WHAT IS REQUIRED: Excluding pictures, retype exactly the lines from the one with "Дизайнерский пластиковый чехол" through the end of the records that follow.
Top of RAW DATA
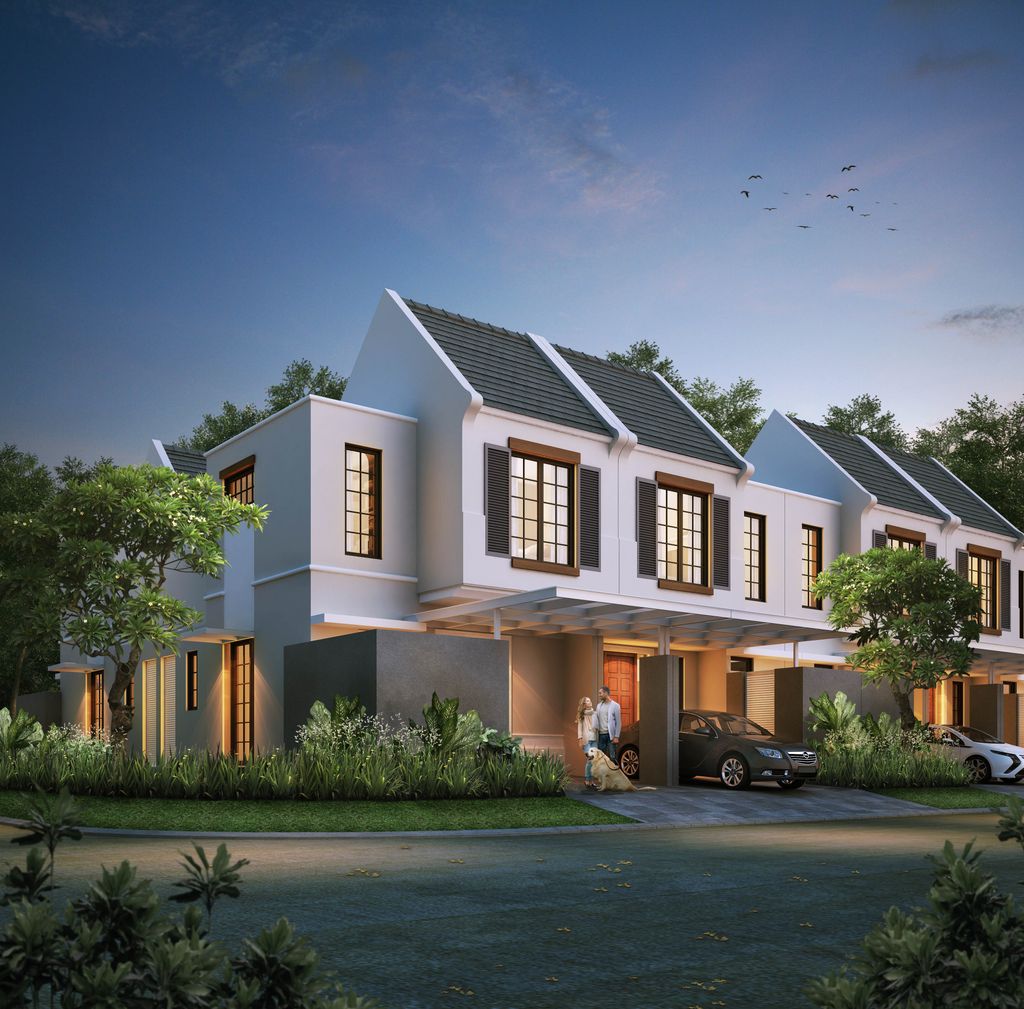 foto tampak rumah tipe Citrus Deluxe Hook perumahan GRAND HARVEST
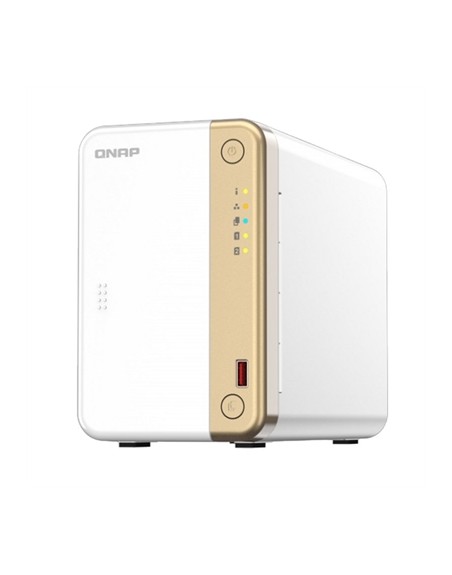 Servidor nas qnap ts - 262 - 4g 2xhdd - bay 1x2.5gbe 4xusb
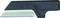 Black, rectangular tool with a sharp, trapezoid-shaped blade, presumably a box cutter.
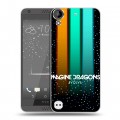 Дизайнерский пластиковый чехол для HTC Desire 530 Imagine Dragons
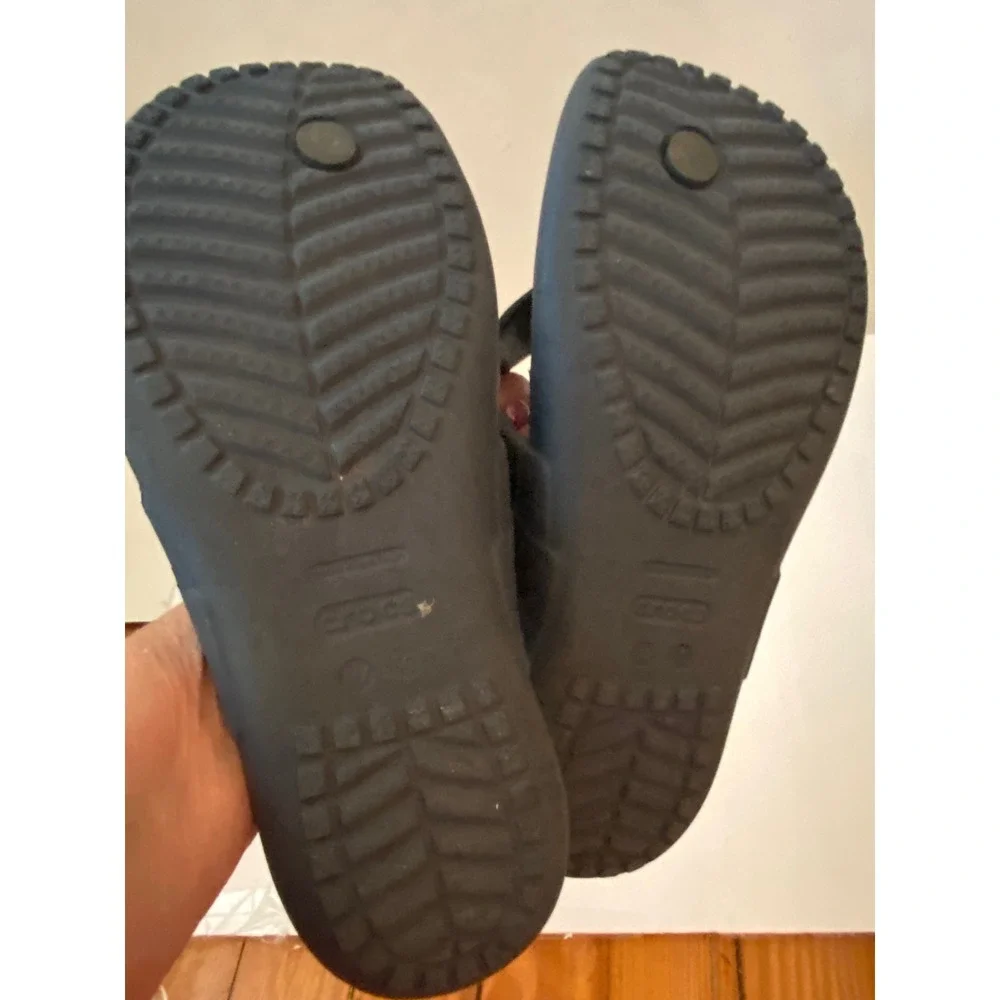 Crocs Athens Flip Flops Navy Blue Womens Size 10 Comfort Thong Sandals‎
Bottom of RAW DATA
EXPECTED ANSWER:
 Дизайнерский пластиковый чехол для HTC Desire 530 Imagine Dragons
 Crocs Athens Flip Flops Navy Blue Womens Size 10 Comfort Thong Sandals‎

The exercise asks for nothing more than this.